» **Work required**
This task calls for the lines below starting at the one containing "Linum Home Textiles" and ending at the one containing "Ferienhaus Dachstein 64", repeated exactly with both ends kept and pictures left out.

═════ Data records

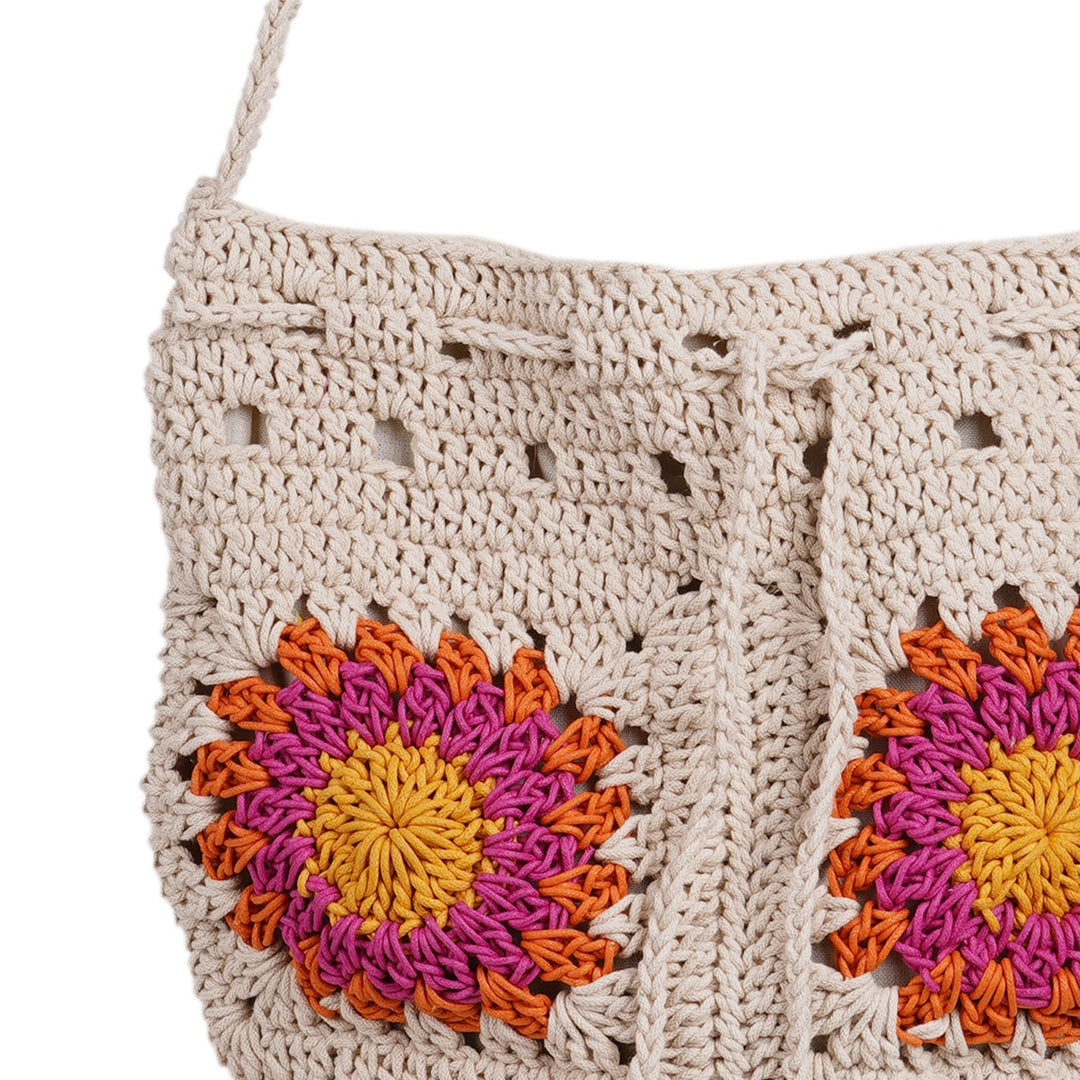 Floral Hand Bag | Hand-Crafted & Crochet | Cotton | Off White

══════════
═════ Data records

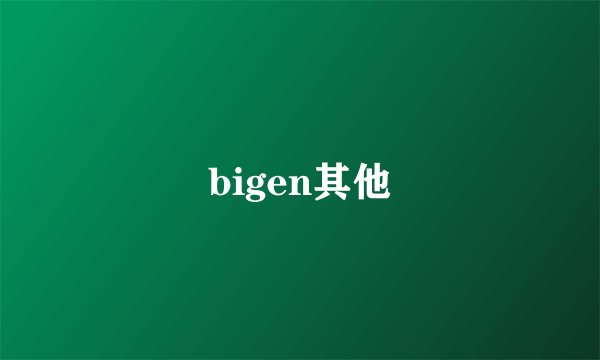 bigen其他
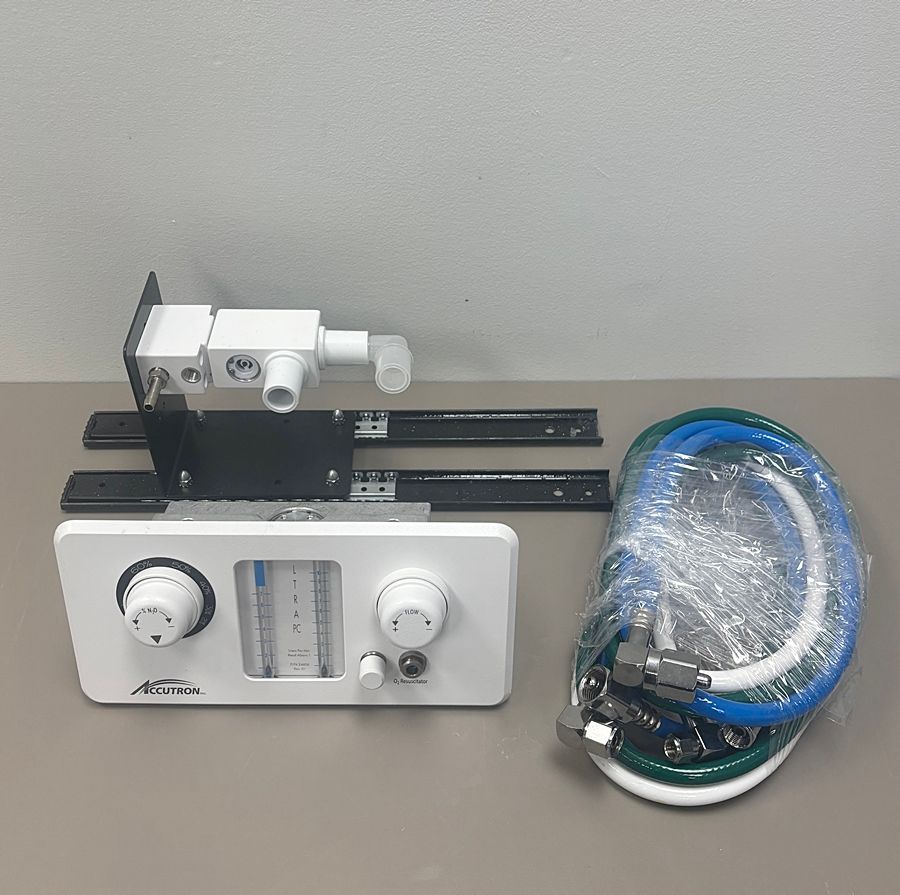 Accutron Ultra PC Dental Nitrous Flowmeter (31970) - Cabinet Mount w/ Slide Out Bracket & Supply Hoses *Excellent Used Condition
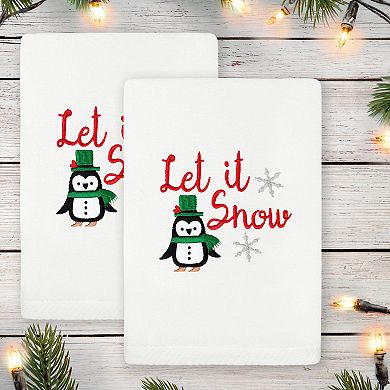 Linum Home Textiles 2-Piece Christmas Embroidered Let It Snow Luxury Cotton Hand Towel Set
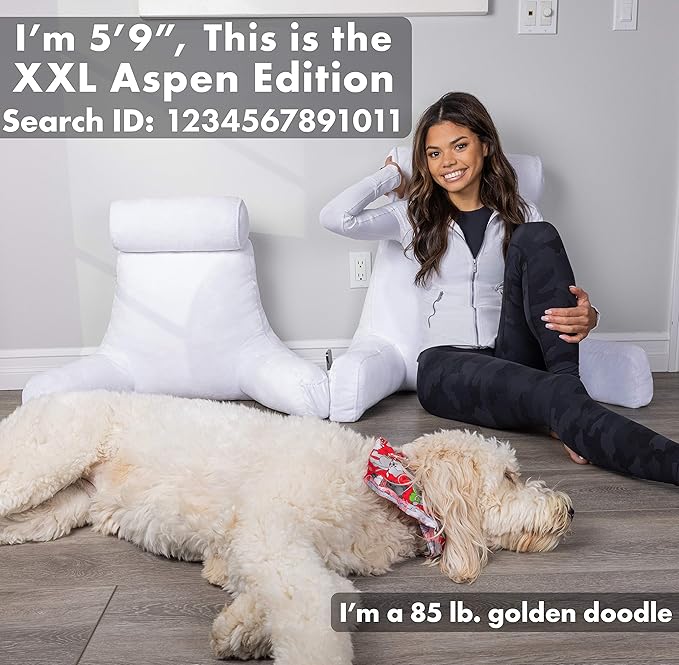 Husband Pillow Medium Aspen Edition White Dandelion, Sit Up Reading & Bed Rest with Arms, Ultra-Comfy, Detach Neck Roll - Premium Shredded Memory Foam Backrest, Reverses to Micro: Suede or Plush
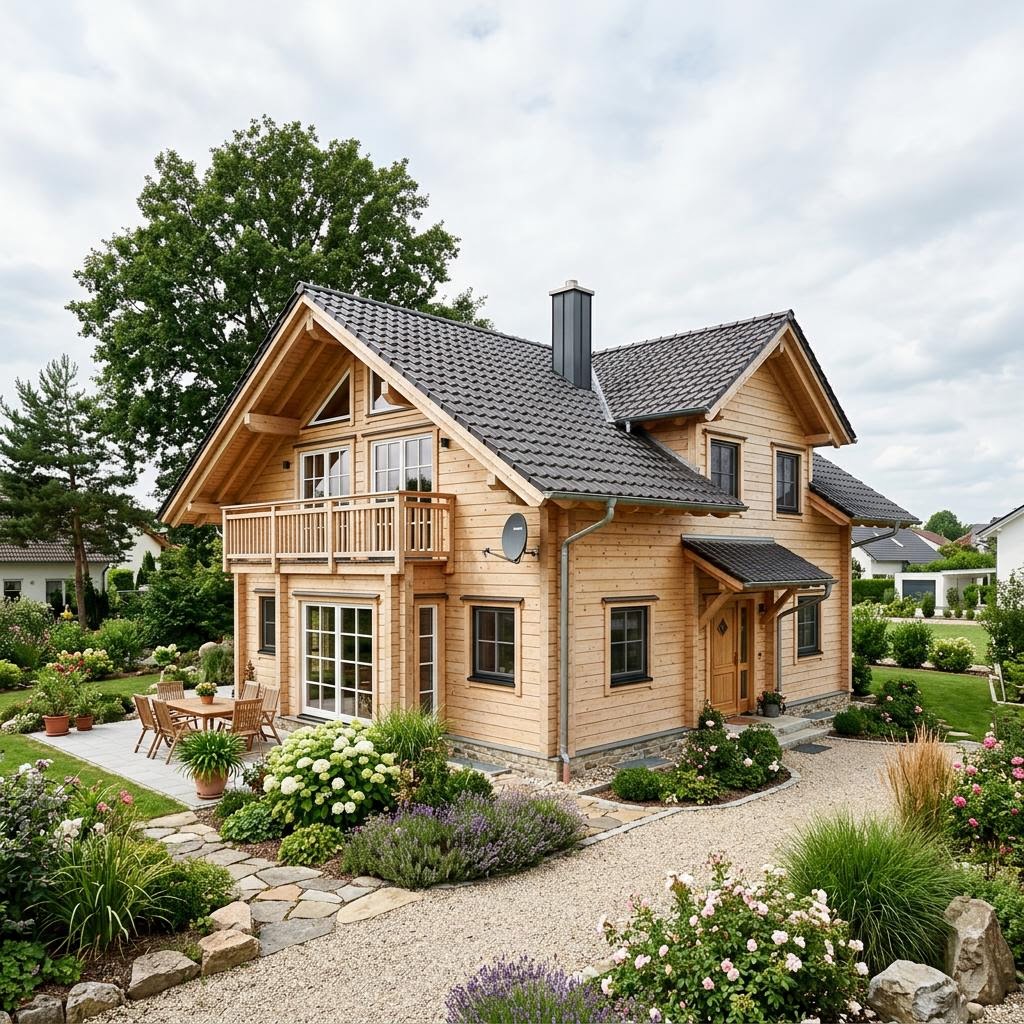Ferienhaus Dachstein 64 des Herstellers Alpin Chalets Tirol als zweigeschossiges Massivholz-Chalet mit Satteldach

══════════
═════ Data records

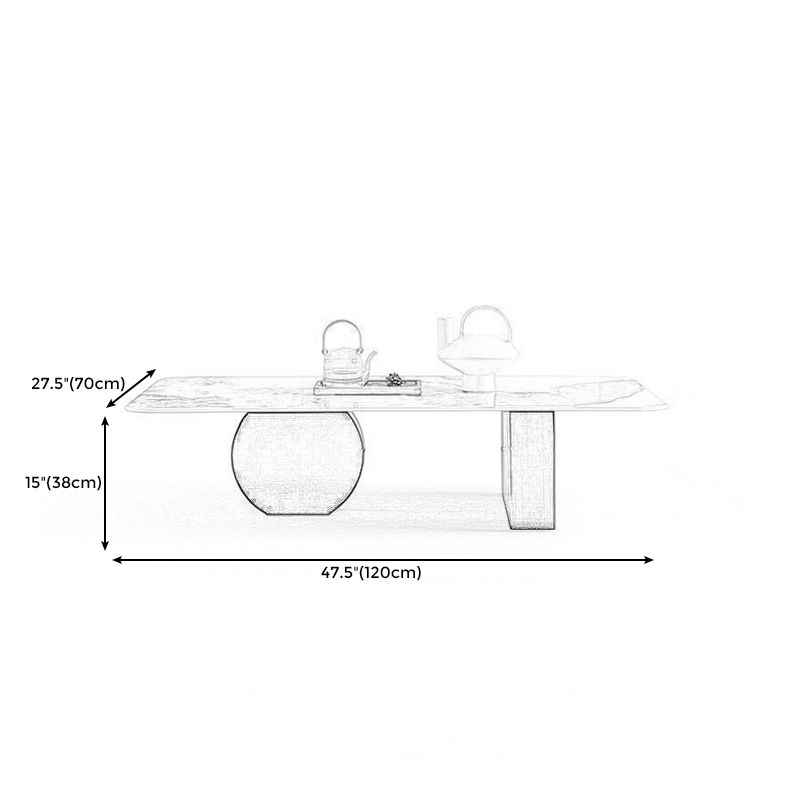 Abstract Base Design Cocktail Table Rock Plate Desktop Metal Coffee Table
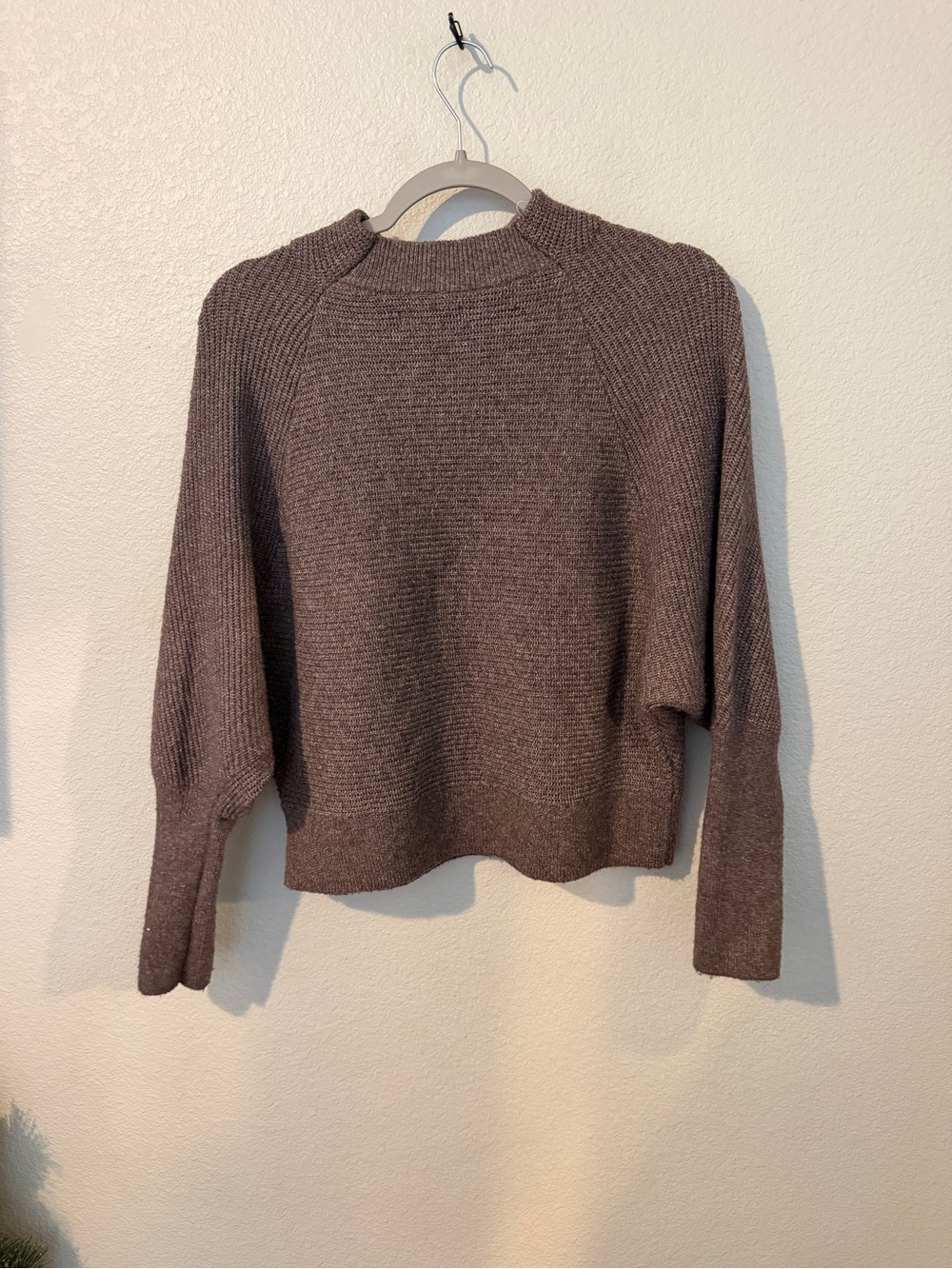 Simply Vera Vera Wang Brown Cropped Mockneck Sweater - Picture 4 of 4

══════════

» **Output of the exercise**
 Linum Home Textiles 2-Piece Christmas Embroidered Let It Snow Luxury Cotton Hand Towel Set
 Husband Pillow Medium Aspen Edition White Dandelion, Sit Up Reading & Bed Rest with Arms, Ultra-Comfy, Detach Neck Roll - Premium Shredded Memory Foam Backrest, Reverses to Micro: Suede or Plush
Ferienhaus Dachstein 64 des Herstellers Alpin Chalets Tirol als zweigeschossiges Massivholz-Chalet mit Satteldach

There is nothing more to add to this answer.